» **Data for this exercise**
<<<<

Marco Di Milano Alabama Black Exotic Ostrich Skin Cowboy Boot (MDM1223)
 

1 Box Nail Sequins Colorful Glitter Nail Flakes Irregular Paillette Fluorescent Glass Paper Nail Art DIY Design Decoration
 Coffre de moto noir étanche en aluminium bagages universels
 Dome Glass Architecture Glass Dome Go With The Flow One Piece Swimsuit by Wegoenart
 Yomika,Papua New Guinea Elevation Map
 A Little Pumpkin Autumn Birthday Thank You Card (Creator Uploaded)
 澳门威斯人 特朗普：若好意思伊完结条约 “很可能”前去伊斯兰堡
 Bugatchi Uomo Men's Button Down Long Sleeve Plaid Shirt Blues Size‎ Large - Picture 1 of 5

>>>>

» **What this task involves**
Give the entries again exactly as they stand.

» **Written solution**
Marco Di Milano Alabama Black Exotic Ostrich Skin Cowboy Boot (MDM1223)
 

1 Box Nail Sequins Colorful Glitter Nail Flakes Irregular Paillette Fluorescent Glass Paper Nail Art DIY Design Decoration
 Coffre de moto noir étanche en aluminium bagages universels
 Dome Glass Architecture Glass Dome Go With The Flow One Piece Swimsuit by Wegoenart
 Yomika,Papua New Guinea Elevation Map
 A Little Pumpkin Autumn Birthday Thank You Card (Creator Uploaded)
 澳门威斯人 特朗普：若好意思伊完结条约 “很可能”前去伊斯兰堡
 Bugatchi Uomo Men's Button Down Long Sleeve Plaid Shirt Blues Size‎ Large - Picture 1 of 5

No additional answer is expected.